In a way that even churches or ethnic clubs can’t match, certain pubs and food stores exude an evangelical pull that is difficult to explain. Often without marketing, often in the absence of advertising or anything more than the underground word-of-mouth, these purveyors of that certain something exude a message that may say “come hither,” or may warn, “beware all you middle-class dorks who are attracted or repelled; do not enter here.”
As an intellectual abstraction, we all revel in the freedom we have to “associate,” to come together with few restrictions, with little oversight, with the sense of adventure that comes through unexpected coming together.
But some of those bars, some of those little convenience stories, aren’t meant for the likes of you. Nothing so unsubtle as a bouncer at the front door of a cool club saying you’re too uncool to cross the threshold. No, the neon-lit, often rundown little purveyors of booze and girls and bags of potato chips simply create an aura that tells us if we belong.
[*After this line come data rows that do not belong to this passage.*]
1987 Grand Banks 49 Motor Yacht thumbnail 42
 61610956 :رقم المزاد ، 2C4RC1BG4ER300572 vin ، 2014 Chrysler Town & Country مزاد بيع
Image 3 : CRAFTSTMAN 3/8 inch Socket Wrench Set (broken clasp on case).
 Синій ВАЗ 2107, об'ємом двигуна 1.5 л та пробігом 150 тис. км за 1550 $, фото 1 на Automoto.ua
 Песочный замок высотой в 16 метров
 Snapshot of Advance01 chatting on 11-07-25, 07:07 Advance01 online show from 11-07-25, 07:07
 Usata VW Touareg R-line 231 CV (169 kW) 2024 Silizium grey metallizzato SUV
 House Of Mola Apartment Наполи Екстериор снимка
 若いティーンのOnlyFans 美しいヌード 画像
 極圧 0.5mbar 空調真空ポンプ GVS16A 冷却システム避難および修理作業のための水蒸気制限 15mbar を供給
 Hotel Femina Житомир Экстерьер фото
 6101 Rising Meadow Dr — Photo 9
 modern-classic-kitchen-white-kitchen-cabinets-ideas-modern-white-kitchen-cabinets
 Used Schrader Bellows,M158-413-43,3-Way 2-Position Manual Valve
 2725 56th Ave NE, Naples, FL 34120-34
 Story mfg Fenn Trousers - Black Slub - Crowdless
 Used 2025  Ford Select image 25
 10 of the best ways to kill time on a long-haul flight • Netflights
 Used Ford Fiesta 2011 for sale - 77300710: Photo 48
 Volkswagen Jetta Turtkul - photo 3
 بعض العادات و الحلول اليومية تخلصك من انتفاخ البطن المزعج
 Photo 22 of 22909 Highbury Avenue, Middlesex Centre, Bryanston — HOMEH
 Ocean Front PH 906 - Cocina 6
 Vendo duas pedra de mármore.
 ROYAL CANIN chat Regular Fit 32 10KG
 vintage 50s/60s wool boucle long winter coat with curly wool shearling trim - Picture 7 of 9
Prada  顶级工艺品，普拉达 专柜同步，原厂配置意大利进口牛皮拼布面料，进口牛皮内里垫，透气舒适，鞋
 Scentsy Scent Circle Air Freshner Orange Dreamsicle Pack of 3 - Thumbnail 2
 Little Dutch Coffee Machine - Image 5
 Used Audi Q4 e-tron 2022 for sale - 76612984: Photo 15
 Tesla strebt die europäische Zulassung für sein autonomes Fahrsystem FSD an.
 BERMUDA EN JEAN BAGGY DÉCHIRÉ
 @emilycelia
To be sure, some of the joints are “black” enough or “Hispanic” enough to give the Anglos pause, but more interesting are the establishments that are theoretically inviting — but not really.
Roxbury’s “Packy Connors” pub is one of those places. It’s “popular,” but it gives off a sense of unease that lets you know if you’re really welcome. The joint has been in the news of late, after four people were shot outside — not the first time unpleasantness has erupted there. And that’s just what makes places such as Packy Connors so fascinating, in an irritating, spooky sort of way.
Who Pays?
What do you do with a joint like that? The Licensing Board has, and probably will, get cranky and shut it down, at least for a while. There’s nothing terribly unusual in that, but the act of closing a purveyor of hooch usually leaves the mystery unanswered: What was it, exactly, that the pub did wrong? You can order it to “control” its customers, but, of course, by the very nature of the customers it attracts, the chances for domestic tranquility are slim.
Society is both fascinated and repulsed by the Packy Connors environment because it provides a laboratory for a murky sociological experiment. Does the gin joint create an environment in which the customers get stupid? Or, through the mystery of consumer affection, do the “wrong” kind of people simply show up and create mayhem?
The Boston City Council recently approved a zoning change that limits the amount of advertising signage the little food joints can plaster all over their windows. The theory is that the evangelical pull of the little grocers would transform the neighborhood population into a crazed cult of beer-drinking, cigarette-smoking fiends, if the stores were left unchecked to advertise at the behest of Satan.
Again, notice that the powers-that-be are not focused on the moral or psychological frailty of the local population. No, it is the store that should be tamed — just as it is the bar that should be closed.
It goes on all over. Even as we speak, the God-fearing community activists of midtown Atlanta are protesting the likelihood that a cool new bar would replace a formerly cool, naughty bar on Peachtree Street. The protestors’ website: ‘Keepmidtownsafe.com. Yes, the new bar, as if by black magic, will manufacture crime and brawling and alcoholic excess.
In New Haven, Conn., home to stuffy Yale University, the city fathers have banned 24-hour gas stations and convenience stores, as a crime fighting tool. Again, it is the businesses that are presumed to have magical powers of mayhem, not the unwashed masses. It is not police protection that New Haven needs, but protection from retail.
The mayor of Troy, N.Y. is attempting to shoot down convenience stores from 1 a.m. to 5 a.m. — when Troy is routinely transformed into Hell on Earth.
The naughty little clubs. The tiny little grocers. I can’t resist them. Stop them, stop them, before they sin again.